(Records drawn from a dataset)
┏━━

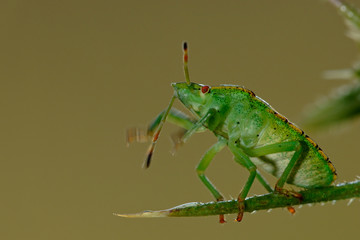 Grüne Stinkwanze Palomena prasina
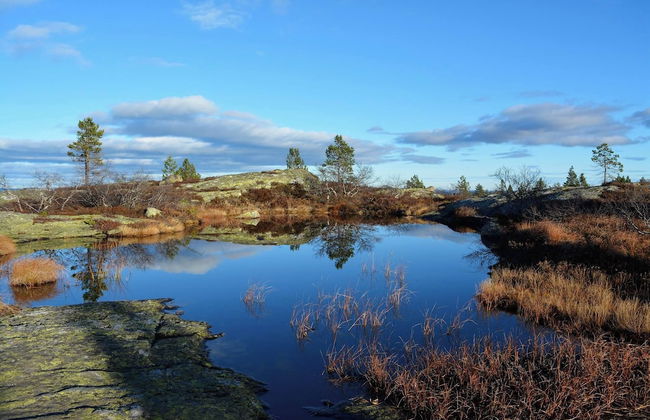 Ski Lodge & Apartments Gautefall - Foto 55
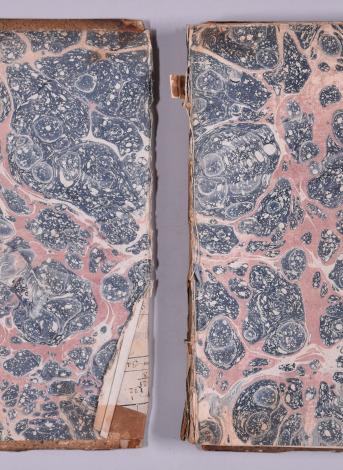 plat et contreplat supérieurs avant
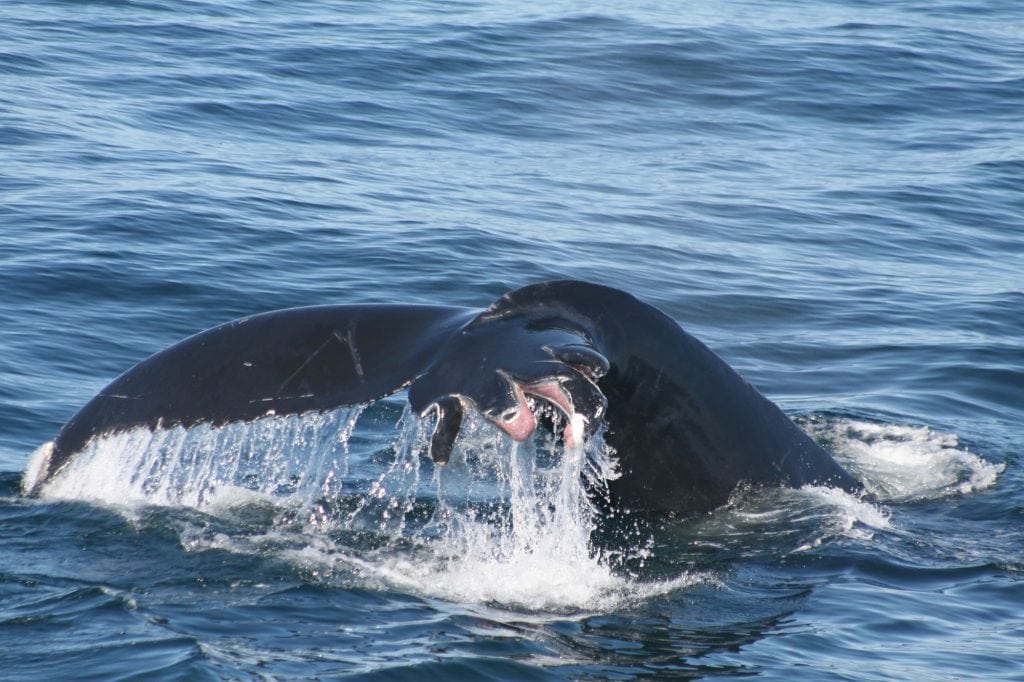 Durch Schiffskollision verletzter Wal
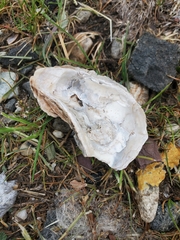 Crassostreinae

┗━━

The problem - Since only the text is wanted, repeat all the records above exactly and omit the pictures.

Reply -
 Grüne Stinkwanze Palomena prasina
 Ski Lodge & Apartments Gautefall - Foto 55
 plat et contreplat supérieurs avant
 Durch Schiffskollision verletzter Wal
 Crassostreinae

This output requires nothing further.